YOUR TASK » Although the entries contain pictures, only their words should be duplicated exactly.

Crawled caption data:
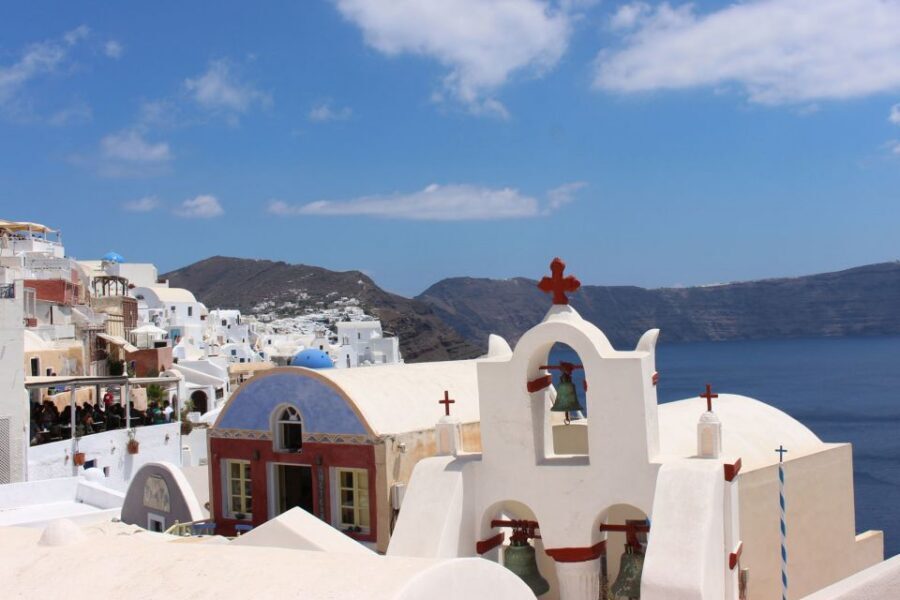 Santorini: Mesa Gonia, Pyrgos and Oia Tour - Hotel Pickup and Bus Transfer: Why the Logistics Matter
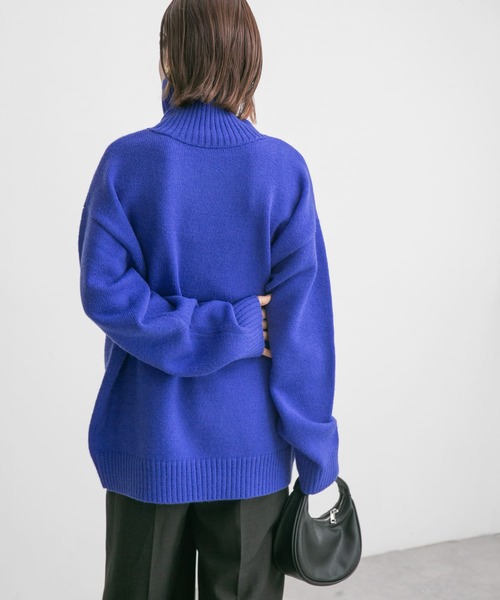 KBF(ケイビーエフ)の「ハイネックオーバーニット(ニット/セーター・レディース・レッド/グレー/ベージュ/ブルー・ONE)」の16枚目の写真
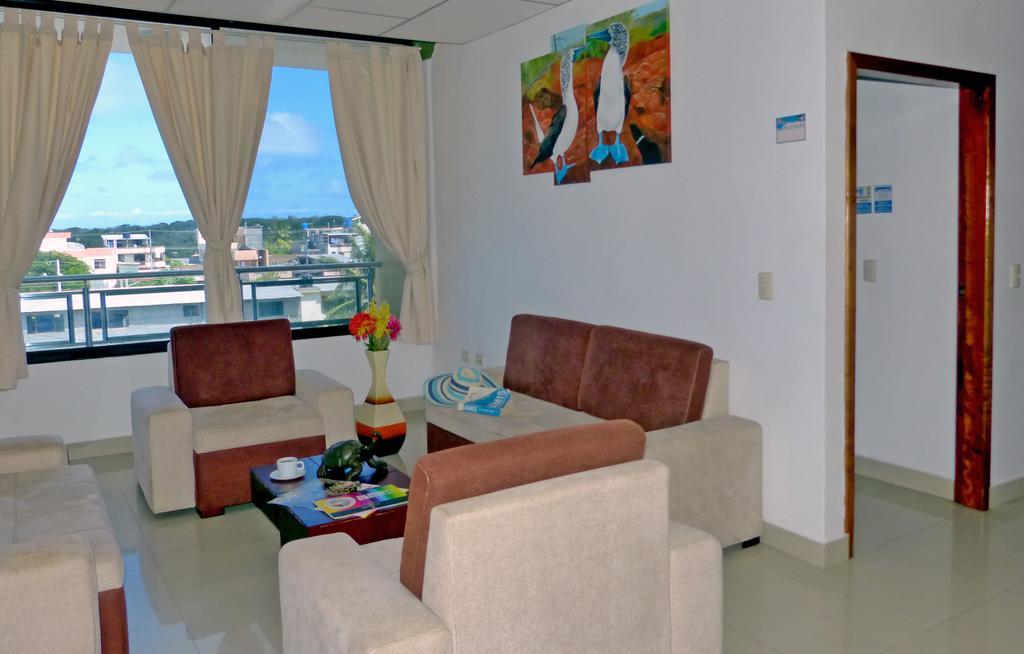 Hospedaje Brisas Del Pacifico Puerto Ayora  Camera foto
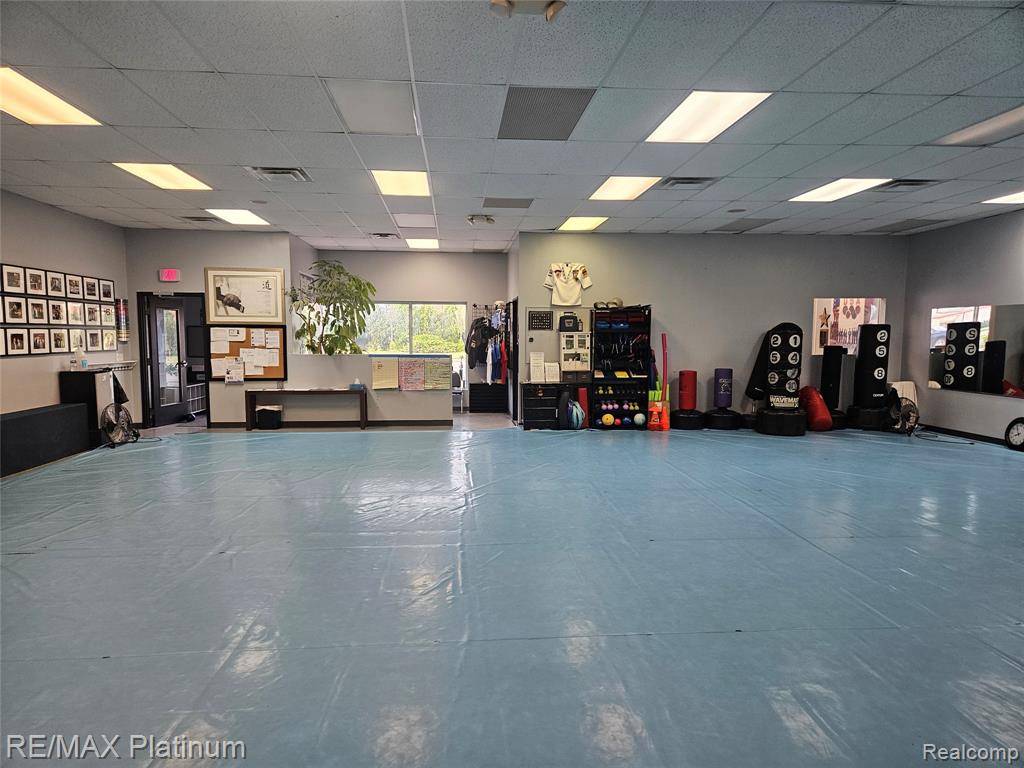 Genoa Twp, MI 48114,6936 Grand River Road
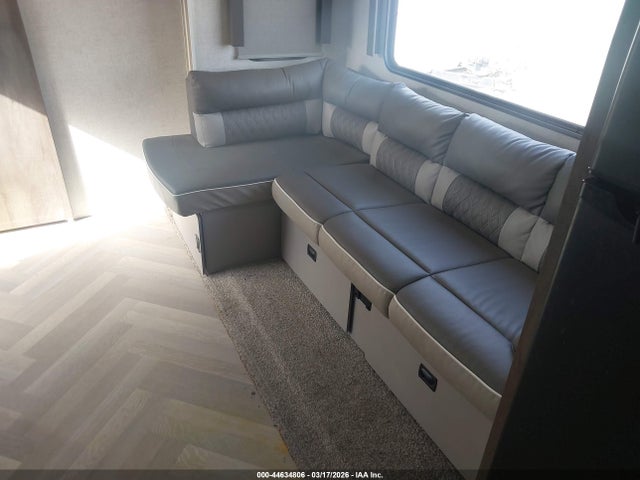 44634806 :رقم المزاد ، 4X4TSMX21MA330147 vin ، 2021 Forest River 22rbs مزاد بيع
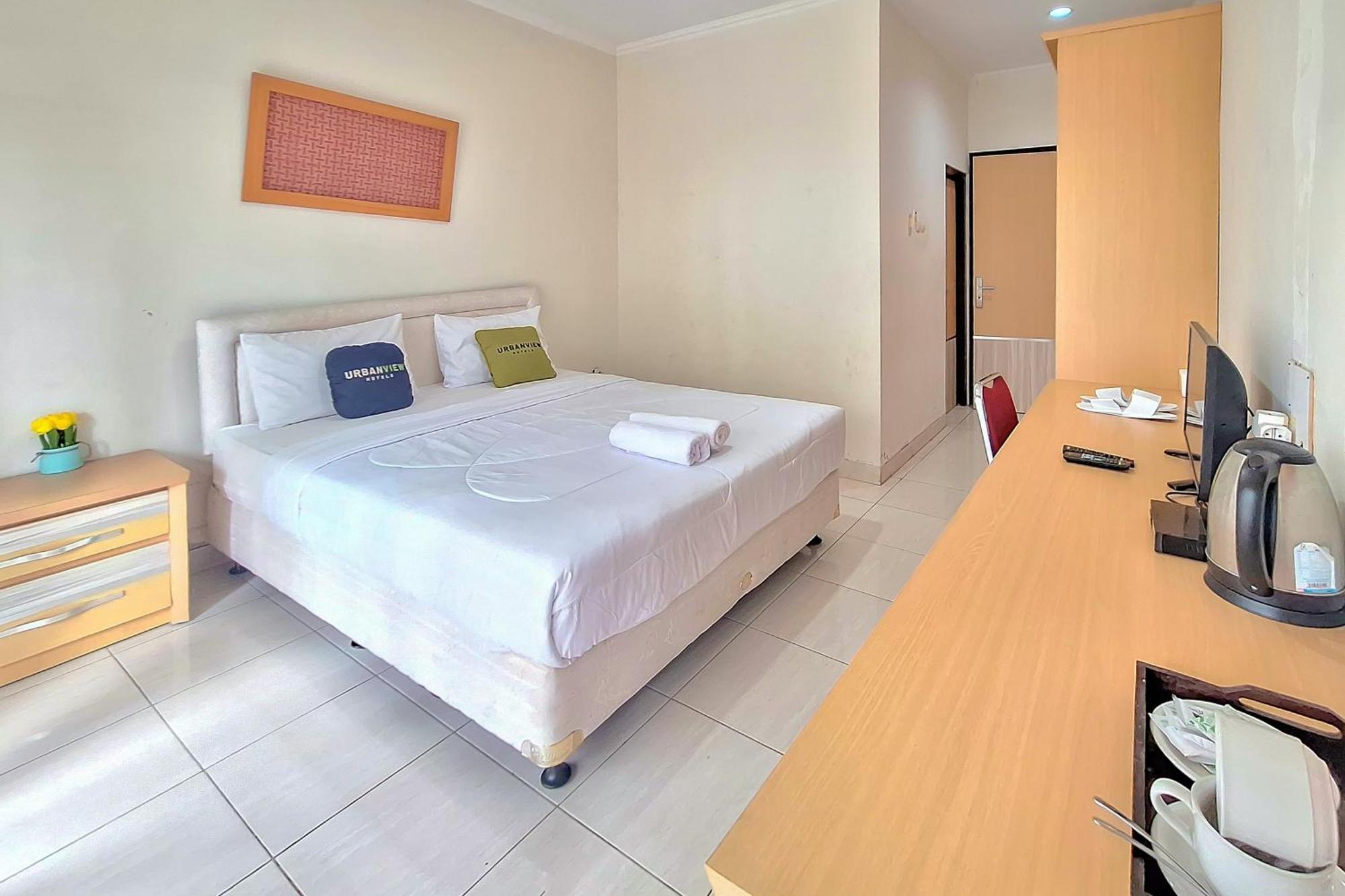 Urbanview Hotel Tridaya Cisarua Puncak Ngoại thất bức ảnh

ANSWER FOR THIS EXERCISE »
 Santorini: Mesa Gonia, Pyrgos and Oia Tour - Hotel Pickup and Bus Transfer: Why the Logistics Matter
 KBF(ケイビーエフ)の「ハイネックオーバーニット(ニット/セーター・レディース・レッド/グレー/ベージュ/ブルー・ONE)」の16枚目の写真
 Hospedaje Brisas Del Pacifico Puerto Ayora  Camera foto
 Genoa Twp, MI 48114,6936 Grand River Road
 44634806 :رقم المزاد ، 4X4TSMX21MA330147 vin ، 2021 Forest River 22rbs مزاد بيع
 Urbanview Hotel Tridaya Cisarua Puncak Ngoại thất bức ảnh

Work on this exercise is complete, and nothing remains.